Han noticed that AI technologies are undergoing rapid changes and therefore it could also lead to considerable variations in terms of implementation. On this account, he claimed that investors should take a cautious approach about adding AI-based tokens in their long-term portfolio in terms of sustainability. He retained that AI crypto projects have fundamental differences at the core.
Can AI Tokens Expose Investors to Long-term Trading Risks?
Coinbase analyst talked about the fundamental differences between cryptocurrencies and AI projects. He retained that cryptocurrencies are focused on ensuring decentralization. In contrast, AI relies on various centralized factors and data resources.

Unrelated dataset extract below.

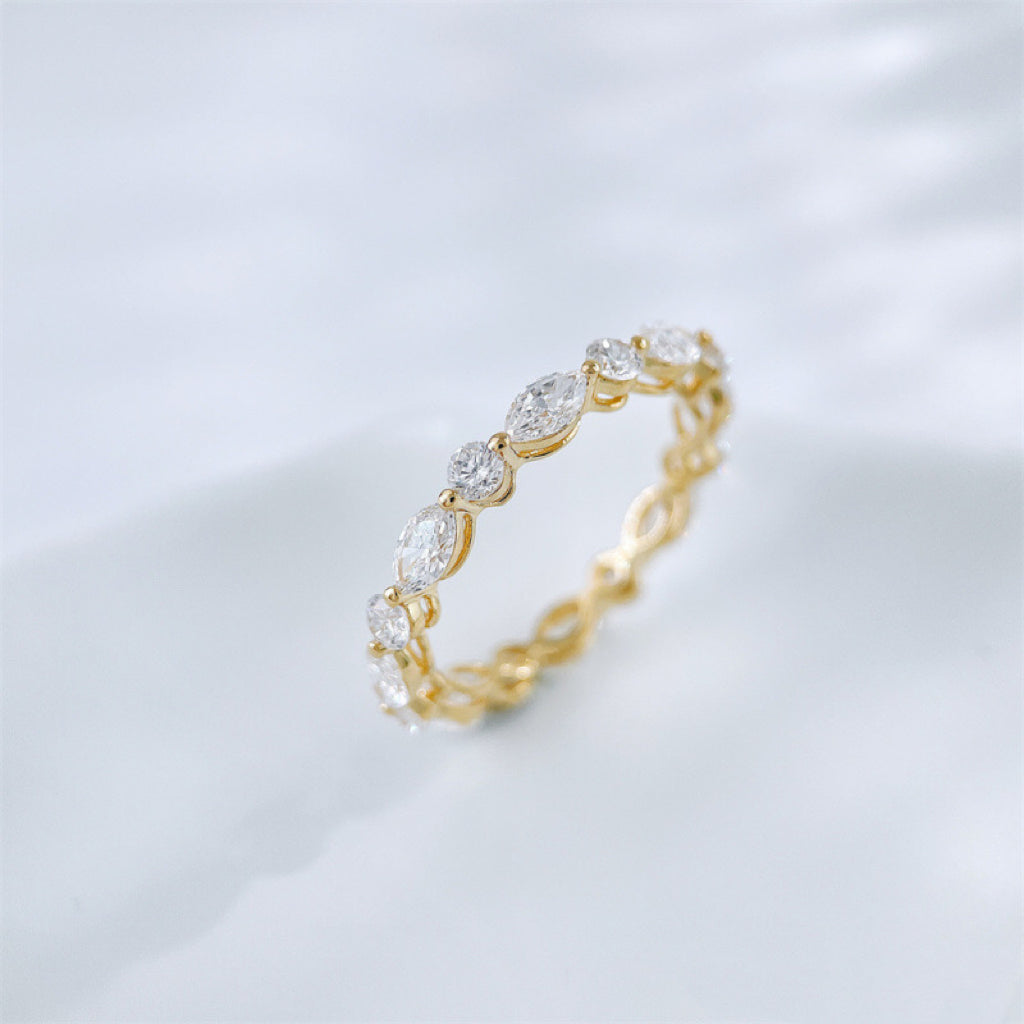 Lab Grown Diamond Alternating Wedding Band | Stackable Bridal Sparkle | 18K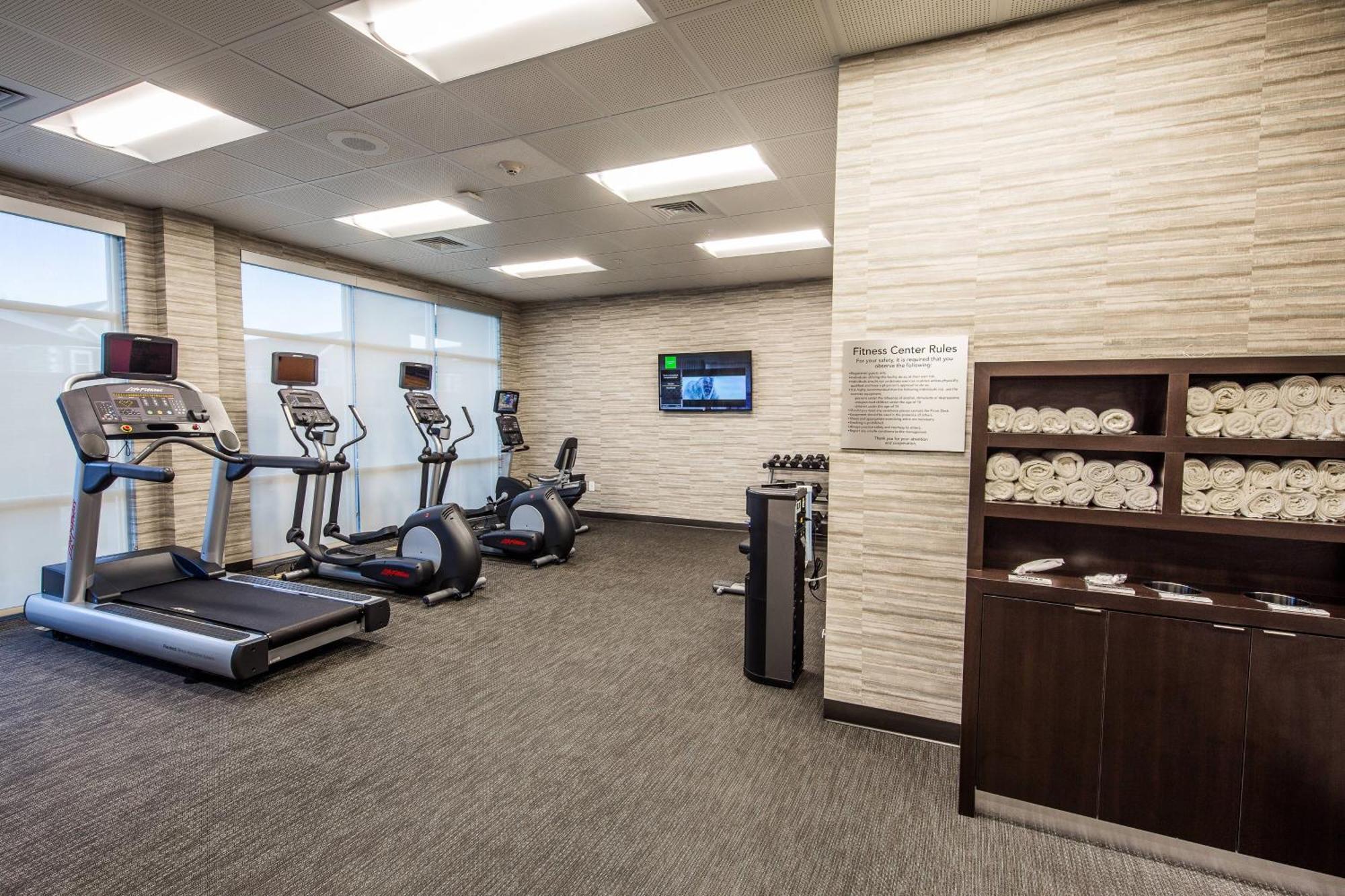 Courtyard By Marriott Columbia Cayce Hotel Exterior foto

At the same time, he noted that a considerable number of AI cryptocurrencies have failed from amassing investment interest.
These projects are now running with semi-indexed capital allocations. The research report makes note of two opportunities within the crypto-AI ecosystems. The first is changing data storage on blockchain networks to enable human-readable formats and analytics. The second one is bringing decentralization to the otherwise centralized AI program framework.
At the same time, Han claimed that technologists and users may invest in decentralized AI projects within the cryptocurrency section. However, there are also no guarantees for such a probability. He projected that it is possible that the future of AI industry is still undergoing major changes such as regulatory implications and mass adoption. On the other side, various AI tokens continue to print noteworthy returns.
AI Projects to Generate Good Returns for Investors in Long Run
The recent success of Nvidia and Microsoft in the stock market as biggest gainers has also made a visible impact on cryptocurrencies. Coinbase linked the profits with broader crypto industry and media effect emanating from AI-based headlines.
The exchange has retained the possibility that AI narrative will grow stronger conditioned with meaningful adoption and offering more value than decentralized AI features.
Speaking on the matter, Vitalik Buterin a prominent figure in the blockchain sector highlighted the utility of AI in debugging and verification of code. Crypto.com statistics have projected a total market cap of $51.18 billion for the sub-section as of 8th March. The AI tokens are backing decentralized trading platforms, AI-powered trading algorithms, and AI-backed DAOs.
AI is currently the fastest-growing and trending technology. The role of blockchain is to monetize any technology or digital utility. The fact that every major corporation has introduced or revamped a native AI program has also reinforced the interest among investors.
Another important factor associated with AI is about its clash with the working force. The Hollywood writer association recently went on a strike to record the protest against AI-written material.
Future of AI
There is an increasing outcry about AI replacing people and taking away jobs. However, statistics from the World Economic Forum issued in 2020 noted that while AI could remove 85 million jobs it will also create 95 million new vacancies in fields such as data mining, digital marketing, machine learning, and cybersecurity, etc. The upcoming concerns around AI as an investment product and emerging technology are not unfounded.
However, spokespersons from both sides have currently waged a war against each other. Practically speaking, companies that have an incentive to reduce costs with AI are bound to implement it.
Meanwhile, the existing workforce would be up for a rude awakening by calling for an AI-exodus. A negotiation approach that warrants interest and gives a voice to either side may warrant better outcomes.